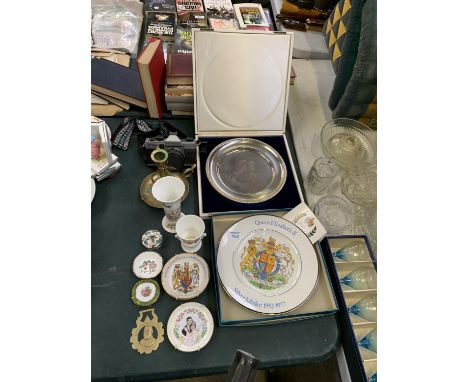 TWO COLLECTABLE PLATES, CANDLE STICK, VINTAGE CAMERA ETC 
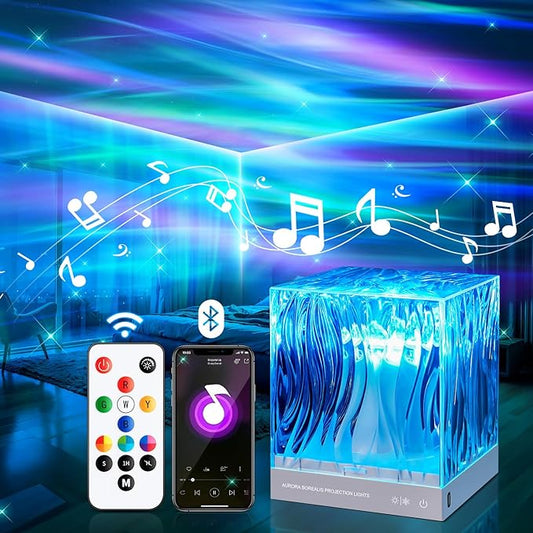 Mini Projector Shower Lamp White Noise Sound Machine for Sleep Adults, Bluetooth+15 White Noise Machine Baby Sound Machine Baby, 18 Colors Shower Light Party Lights Indoor,Remote Disco Warm Light Lamp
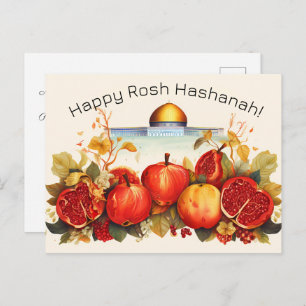 Happy Rosh Hashanah with Dome of Rock & apple Postcard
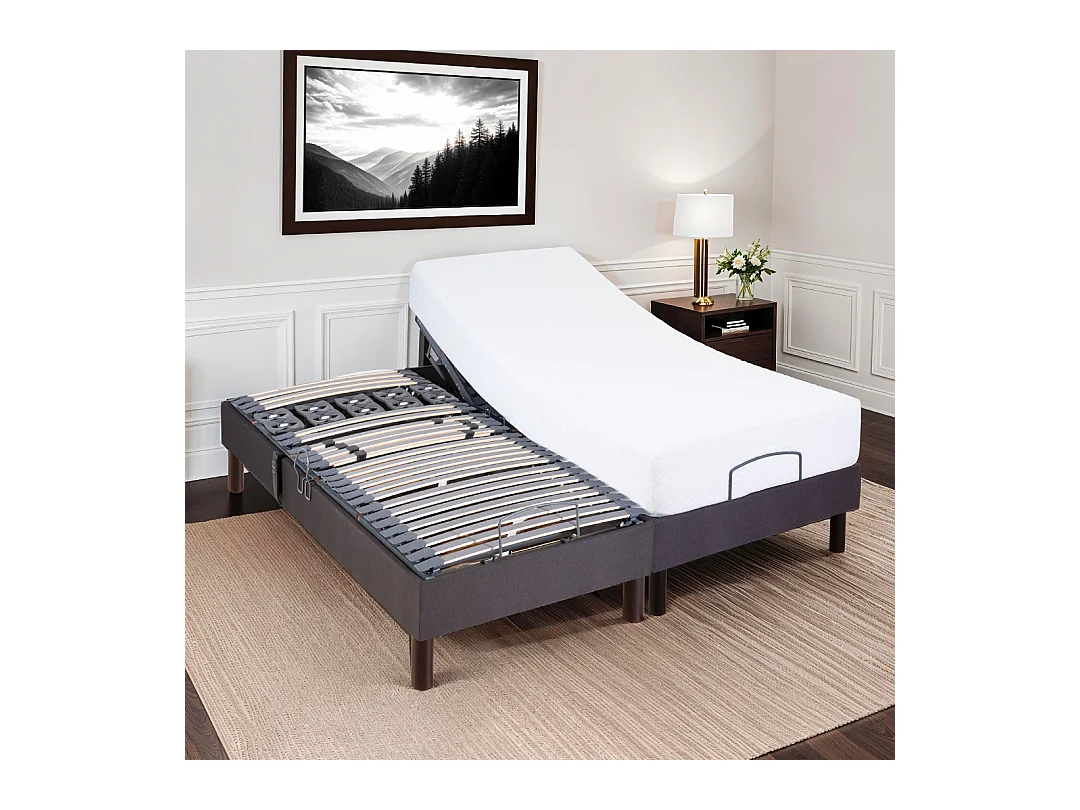 BELLECOUR LITERIE | Sommier électrique ATHENA 70x200 cm | Lattes & Plots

THE TASK => Leave out the images and write out the lines above exactly, from the one with "Mini Projector Shower" up to and including the one with "Happy Rosh Hashanah".

RESULT BELOW =>
 Mini Projector Shower Lamp White Noise Sound Machine for Sleep Adults, Bluetooth+15 White Noise Machine Baby Sound Machine Baby, 18 Colors Shower Light Party Lights Indoor,Remote Disco Warm Light Lamp
 Happy Rosh Hashanah with Dome of Rock & apple Postcard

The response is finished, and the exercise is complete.